There were 144 households, out of which 32.6% had children under the age of 18 living with them, 37.5% were married couples living together, 25.0% had a female householder with no husband present, and 29.2% were non-families. 24.3% of all households were made up of individuals, and 6.9% had someone living alone who was 65 years of age or older. The average household size was 2.82 and the average family size was 3.42.

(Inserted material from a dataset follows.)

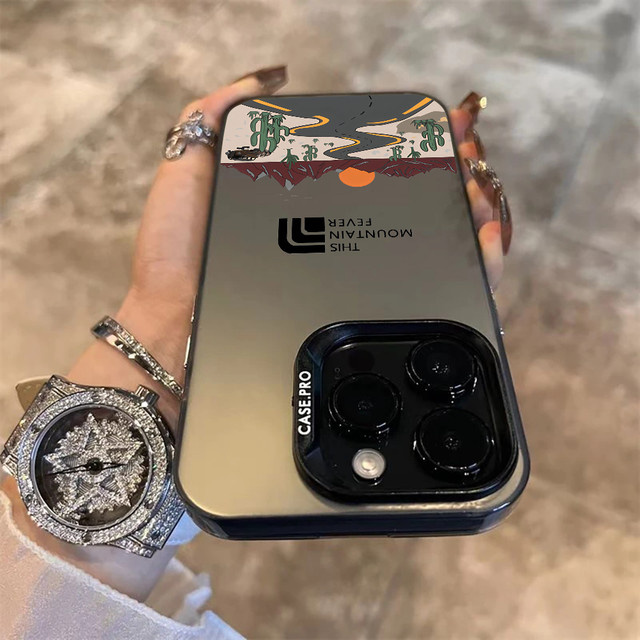 Fishion P-northS Handyhülle mit Gesichtslogo für iPhone 16 15 14 13 12 11 Pro Max Plus Mehrfarbig Aurora Laser stoßfeste Schutzhülle - Bild 1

In the CDP, the population was spread out, with 33.5% under the age of 18, 9.4% from 18 to 24, 26.6% from 25 to 44, 18.5% from 45 to 64, and 12.1% who were 65 years of age or older. The median age was 33 years. For every 100 females, there were 82.9 males. For every 100 females age 18 and over, there were 75.3 males.

The median income for a household in the CDP was $18,958, and the median income for a family was $25,417. Males had a median income of $19,911 versus $16,875 for females. The per capita income for the CDP was $9,528. About 26.5% of families and 30.8% of the population were below the poverty line, including 44.2% of those under age 18 and 51.3% of those age 65 or over.